In many disheartening ways, we’ve learned that the white evangelical church has lost its way. But is that still true? Or is it safe to come out now? Let’s consider the evidence.

On May 14, 2022, a white man previously flagged by the F.B.I. as a violent threat, visited a grocery store in Buffalo, New York, with the explicit purpose of killing as many Black patrons as possible.

When the news broke, talking heads urged the public not to draw the most instinctive of conclusions. Yet, we soon learned that the rifle used to kill 10 and wound three others was covered in white supremacist messaging.

As minorities and their allies were still reeling from this tragedy, another deadly mass shooting took place at Robb Elementary in Uvalde, Texas, a community that is 72.5% Latino.

Twenty-one lives were lost, as multiple police departments (which have historically proven to overzealously police minorities) literally stood by as these children were killed.

The national response from evangelical Christians to these tragedies has been wholly insufficient, quickly degrading into a debate about whether mass shootings can ever be prevented in nation that refuses to do anything about gun control.

In 2018, Kanye West was praised by evangelicals for donning a MAGA cap in the oval office as he endorsed the 45th President of the United States. In 2022, I didn’t see any major conservative religious leaders publicly denounce his antisemitic rhetoric or affiliation with white nationalists.

In April, Governor Ron DeSantis signed legislation in Florida limiting instruction that he believes constitutes “woke” ideology, specifically Critical Race Theory. Evangelicals comprise 24% of the state in which DeSantis won his November gubernatorial bid for reelection handily.

How has the prophetic voice of evangelicalism responded to the nationwide debate over CRT? Largely with calls for panic.

Upon the release of his book Fault Lines: The Social Movement and Evangelicalism’s Looming Catastrophe, Voddie Baucham has been working tirelessly to stoke fears against CRT.

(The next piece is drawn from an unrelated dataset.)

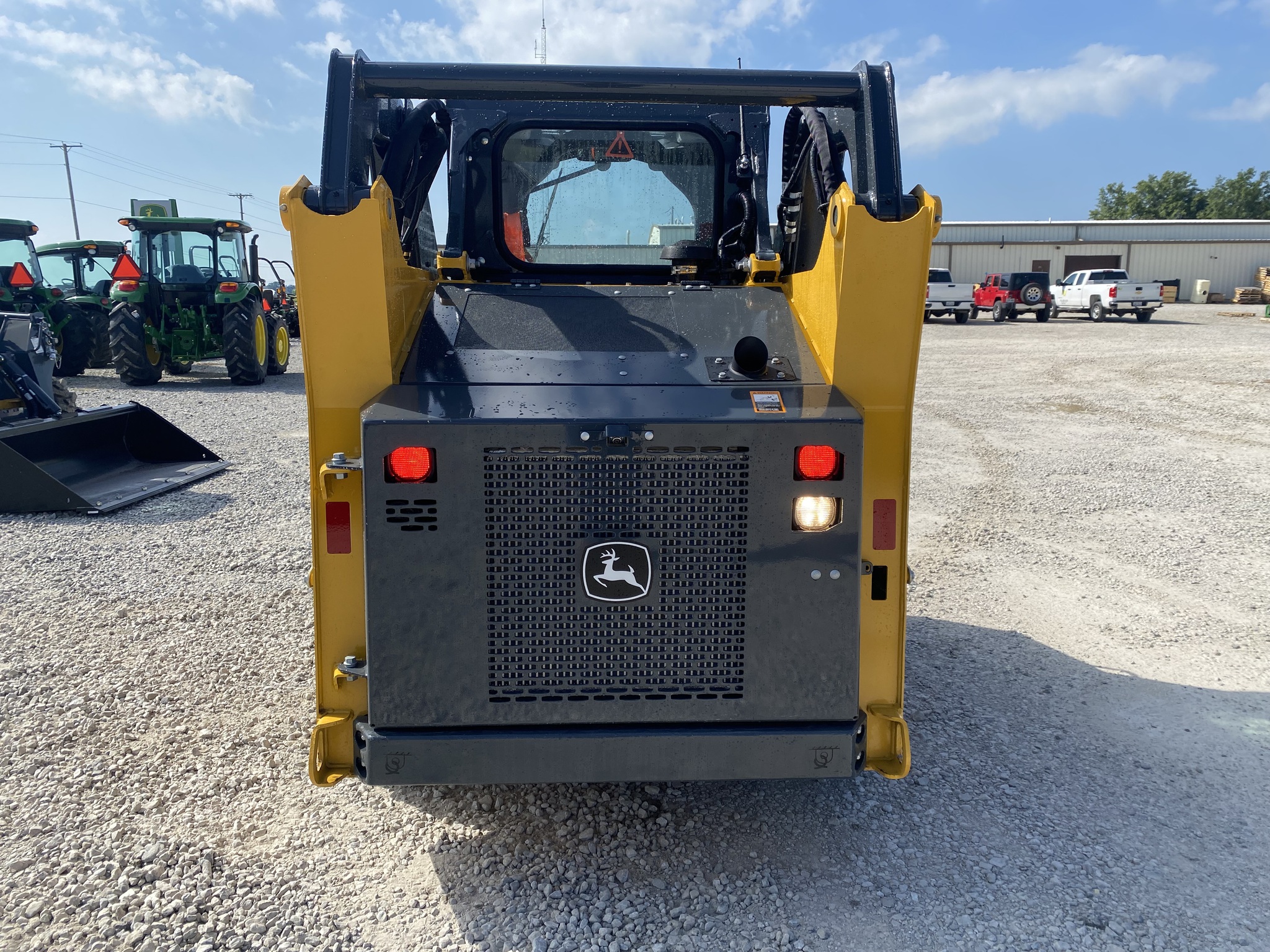 2024 John Deere 318G Image 6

Even after compelling evidence came to light suggesting he may have intentionally misattributed quotes and plagiarized portions of his writing, Baucham remains a crowd favorite among conservative Christians.

Much more could be said about the state of the church, including promotion of Christian nationalism, brandishing the Great Replacement Theory or demonization of Brittney Griner. But perhaps I’m being too harsh.

As we evaluate the response of the white evangelical congregations in our local communities, do we see a sustained call for lament of, and repentance from, the ways that marginalized groups have been overlooked?

Have the friends and relatives that caused so much strain in our relationships by embracing immorality to preserve their privilege and status come to their senses? Or have they doubled down on their commitments for the sake of political power?

The evidence is overwhelming: the body of Christ is not functioning as it should.

The evangelical church knows how to organize and speak into matters that are political, controversial and of cultural importance when it wants to. But in matters that are so significant to minorities and our allies, they have chosen silence. Or, in some cases, they have taken the most offensive position possible. In doing so, they have also communicated how they value us.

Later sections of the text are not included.